A interferência é tamanha que através da moda percebemos a ocorrência de frequentes mudanças e transformações envolvendo não só a estética dos produtos como aspectos sociais, ambientais, econômicos e políticos. Além disso, a indústria da moda é operacionalizada por processos e stakeholders - os diversos envolvidos na cadeia - desde a extração da matéria-prima até o fim da vida útil dos produtos. Nesse sentido, a moda sai na frente como o ponto de partida onde o novo e a cultura da novidade materializam-se como fatores de estratificação social, diferenciação, construção de identidades e forma de comunicação. Quando me visto, digo algo ao mundo sobre o que sou ou acredito. Posso me sentir incluído e validado por uma marca, em outro momento posso rejeitá-la pela falta de posicionamento em questões relevantes, ou questioná-la sobre seus valores e propósito, caso pareça vaga ou com ações destoantes dos discursos.

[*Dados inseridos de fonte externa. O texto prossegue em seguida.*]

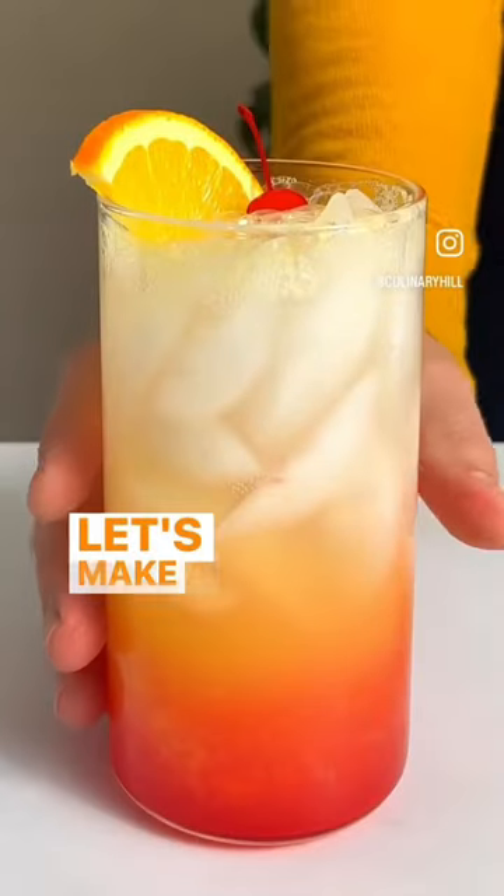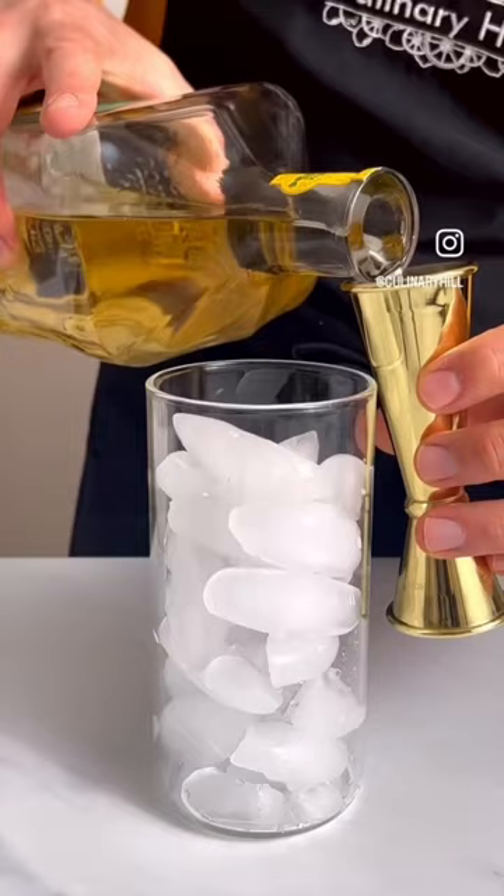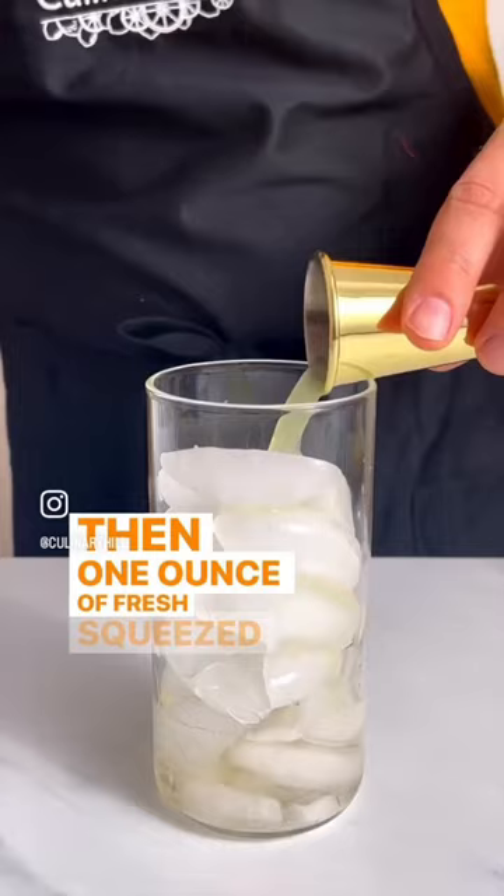Let's make a tequila sunrise. First fill a tall glass with ice, add one and a half ounces of tequila, then one ounce of fresh squeezed lime juice, four ounces of orange juice.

No âmbito da cadeia têxtil e de confecção, com seus processos e empresas atuando no desenvolvimento de produtos de moda, é preciso um olhar atento para os diversos momentos dessa produção, da extração da matéria-prima, preparação dos tecidos, confecção, distribuição, passando pela fase do uso e o posterior descarte. Tudo isso é feito por milhares de trabalhadores, além de envolver o design, a inovação, a criatividade, pensando em formas de produção que causem menos impactos negativos para as pessoas e o planeta, rumo a um desenvolvimento mais sustentável: é preciso equilibrar os pilares econômico, ambiental e social, os quais são perpassados pelo pilar cultural, que começou a ser considerado a partir da virada do milênio. A inserção do pilar cultural somando-se ao famoso Triple Bottom Line de Jonh Elkington na década de 90, foi uma inciativa do australiano Jon Hawkes em 2001. Desde então, as possibilidades de pesquisas e discussões sobre moda ampliaram-se muito, principalmente em nível educacional, mantendo viva a discussão de um setor que impacta o mundo e as pessoas de diversas formas. Podemos até não dar importância à moda, mas é impossível ignorá-la. E mesmo quem ficou descontente com os rumos da moda a partir da globalização, quando a produção de moda em nível mundial deslocou-se para países com mão-de-obra de baixo custo, percebeu que através da cultura consegue-se abordar pontos sociais sensíveis, tais quais a erradicação da pobreza, a educação e a consolidação da cidadania e das políticas de inclusão e diversidade.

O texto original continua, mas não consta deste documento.